The task.
These records contain pictures, which must be left out; copy exactly the lines from the one with "Hello everyone and" up to and including the one with "Welcome to the".

Provided records.
┄┄┄┄┄┄

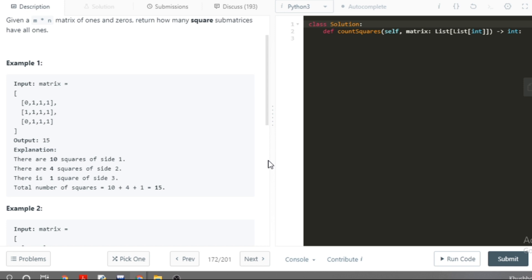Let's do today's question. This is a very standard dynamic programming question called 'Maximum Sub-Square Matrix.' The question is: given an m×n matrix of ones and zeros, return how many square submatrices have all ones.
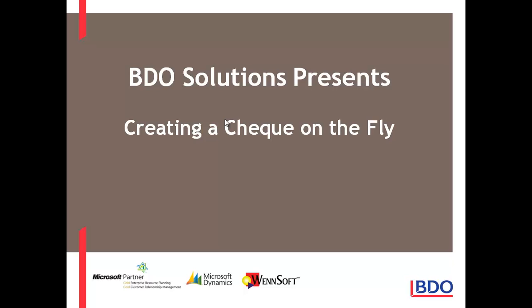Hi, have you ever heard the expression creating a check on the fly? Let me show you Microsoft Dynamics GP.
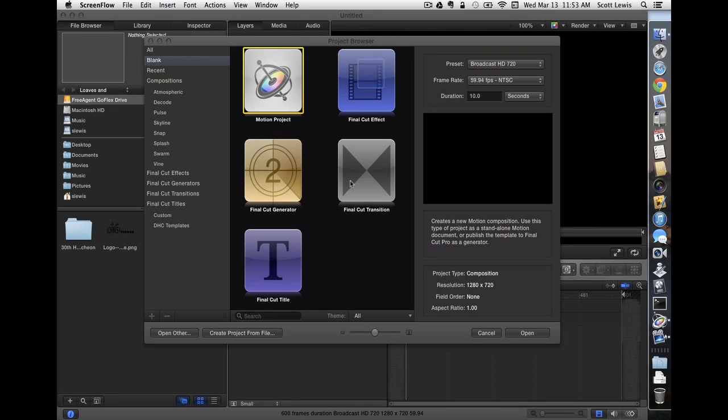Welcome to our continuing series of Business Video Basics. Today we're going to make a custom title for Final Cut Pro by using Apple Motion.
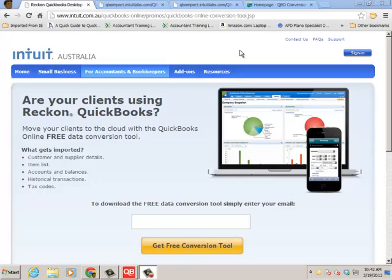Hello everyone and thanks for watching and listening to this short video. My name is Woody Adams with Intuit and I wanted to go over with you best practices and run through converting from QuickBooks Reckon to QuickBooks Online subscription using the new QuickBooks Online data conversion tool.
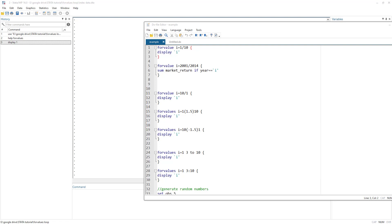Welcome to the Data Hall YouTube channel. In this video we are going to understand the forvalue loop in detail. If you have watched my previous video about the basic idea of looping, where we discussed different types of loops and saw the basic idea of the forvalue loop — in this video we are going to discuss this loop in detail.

┄┄┄┄┄┄

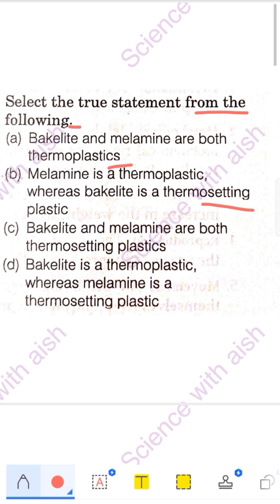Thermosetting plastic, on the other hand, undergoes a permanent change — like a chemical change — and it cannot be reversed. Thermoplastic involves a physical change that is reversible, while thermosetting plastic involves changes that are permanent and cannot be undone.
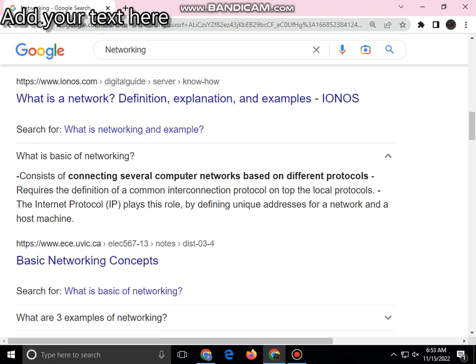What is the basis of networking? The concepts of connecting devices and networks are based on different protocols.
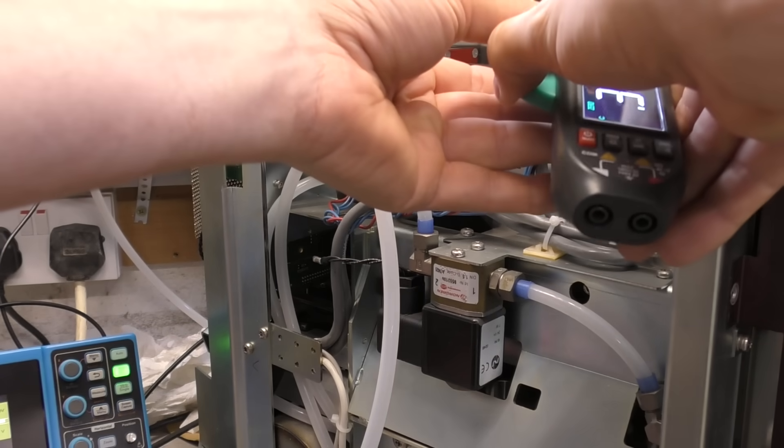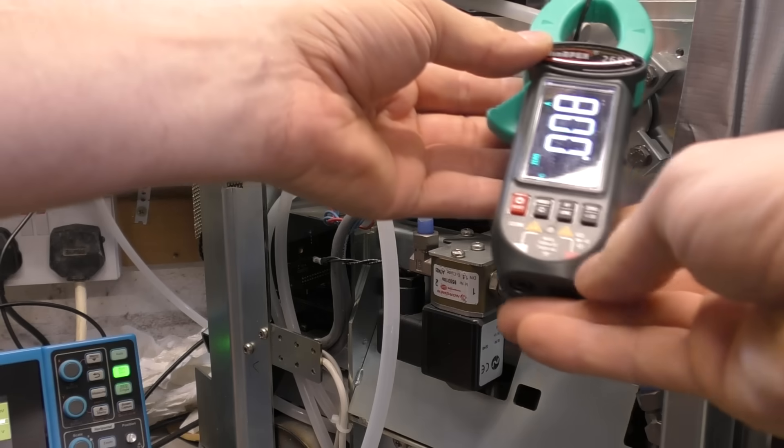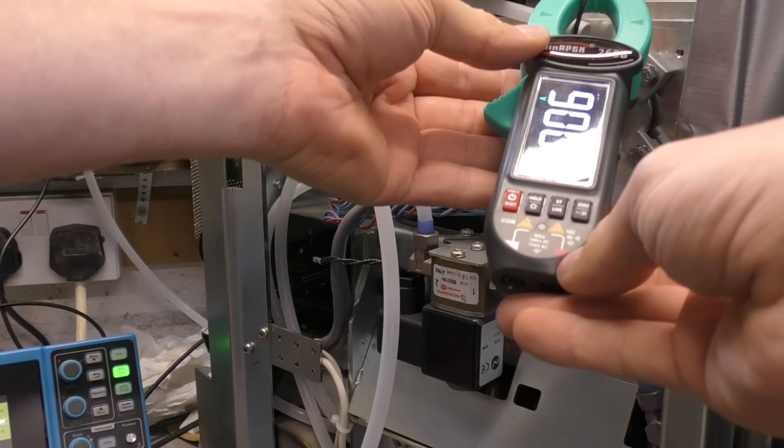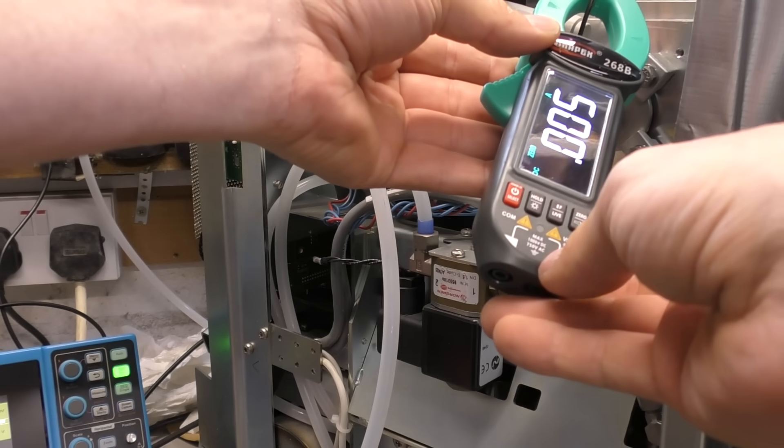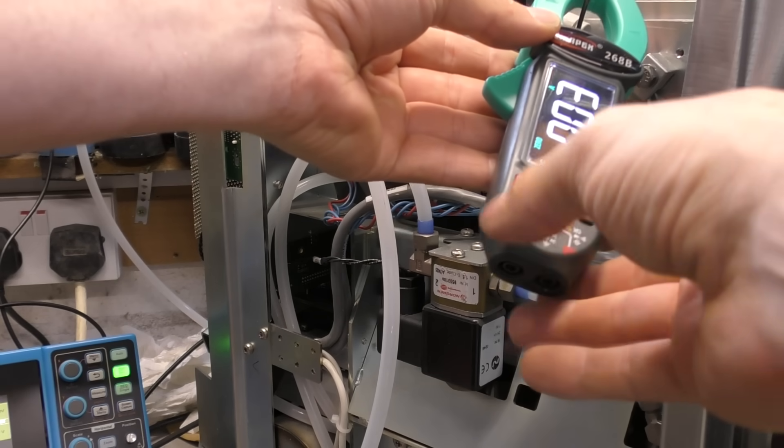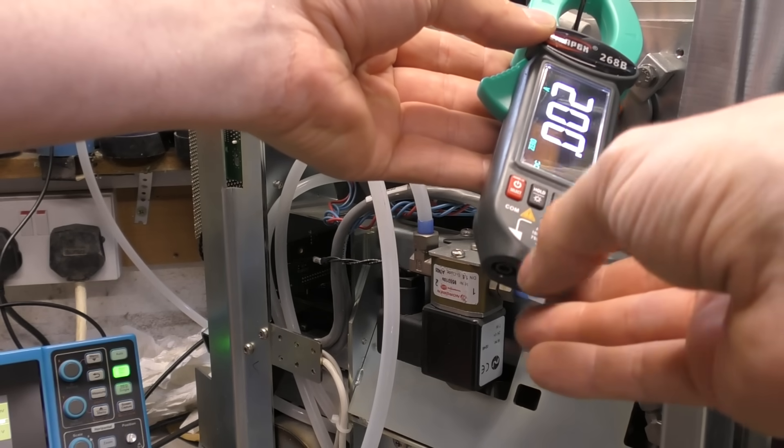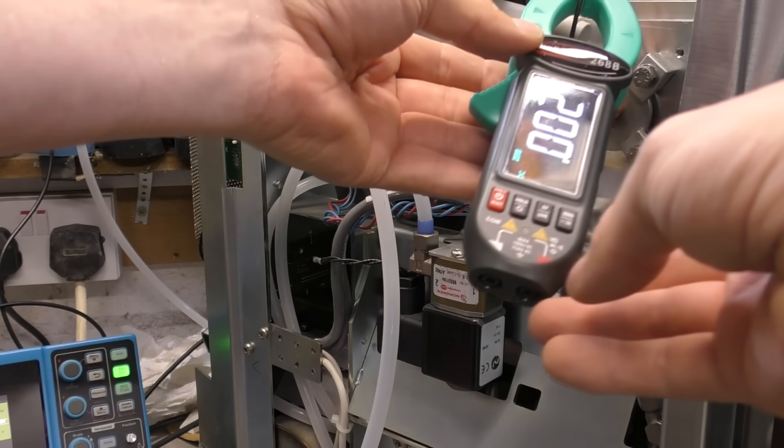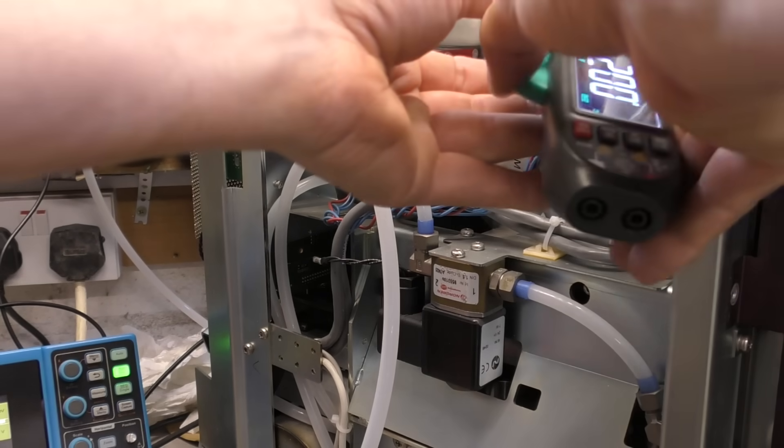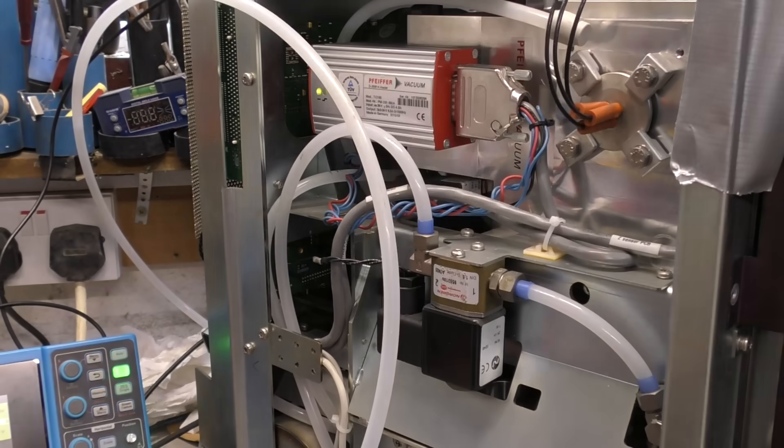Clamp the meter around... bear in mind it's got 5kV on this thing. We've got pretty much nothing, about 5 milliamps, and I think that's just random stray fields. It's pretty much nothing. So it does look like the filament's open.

┄┄┄┄┄┄

Response to the exercise.
Hello everyone and thanks for watching and listening to this short video. My name is Woody Adams with Intuit and I wanted to go over with you best practices and run through converting from QuickBooks Reckon to QuickBooks Online subscription using the new QuickBooks Online data conversion tool.
Welcome to the Data Hall YouTube channel. In this video we are going to understand the forvalue loop in detail. If you have watched my previous video about the basic idea of looping, where we discussed different types of loops and saw the basic idea of the forvalue loop — in this video we are going to discuss this loop in detail.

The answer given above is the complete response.